Without Rest Parameter
But you can use a type assertion to go dynamic... and it will convert back to ES5 / ES3 for you:
function foo(x:number, y:number, z:number) {
console.log(x,y,z);
}
var args:number[] = [0, 1, 2];
(<any>foo)(...args);
This results in the same apply function call that you'd expect:
function foo(x, y, z) {
console.log(x, y, z);
}
var args = [0, 1, 2];
foo.apply(void 0, args);
With Rest Parameter
The alternative is that it all works just as you expect if the function accepts a rest parameter.
function foo(...x: number[]) {
console.log(JSON.stringify(x));
}
var args:number[] = [0, 1, 2];
foo(...args);
Comments
I think @Fenton explains it very well but I would like to add some more documentation and possible solutions.
Solutions:
Function overload. I prefer this solution in this case because it keeps some kind of type safety and avoids ignore and any. The original method and function call does not need to be rewritten at all.
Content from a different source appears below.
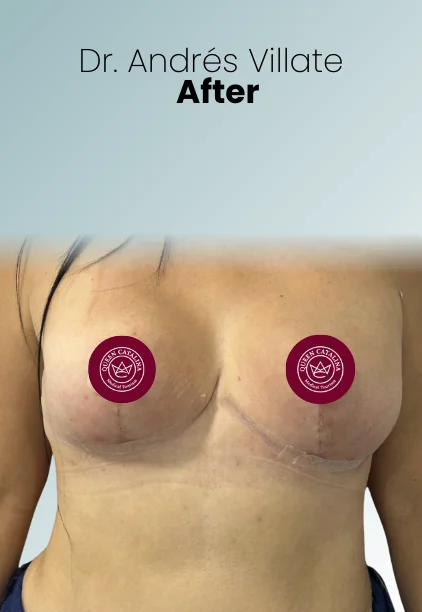 Implant Exchange Or Removal Procedure Img3 Queen Catalina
function foo(...args: number[]): void
function foo(x: number, y: number, z: number) {
console.log(x, y, z);
}
var args: number[] = [0, 1, 2];
foo(...args);
Use @ts-ignore to ignore specific line, TypeScript 2.3
function foo(x: number, y: number, z: number) {
console.log(x, y, z);
}
var args: number[] = [0, 1, 2];
// @ts-ignore
foo(...args);
Use as any.
function foo(x: number, y: number, z: number) {
console.log(x, y, z);
}
var args: number[] = [0, 1, 2];
(foo as any)(...args);
Link with documentation regarding the spread operator:
https://www.typescriptlang.org/docs/handbook/release-notes/typescript-2-1.html
Discussions regarding this:
https://github.com/Microsoft/TypeScript/issues/5296 https://github.com/Microsoft/TypeScript/issues/11780 https://github.com/Microsoft/TypeScript/issues/14981 https://github.com/Microsoft/TypeScript/issues/15375
1 Comment
Daniel Kaplan
You answered this years ago, but all those issues are now closed and it still isn't possible to do this without your suggestions. I can't figure out why these issues are closed. I didn't read them all, but the one that seemed to be an aggregate of all the others had a last comment that it was going to be pursued and then it was closed.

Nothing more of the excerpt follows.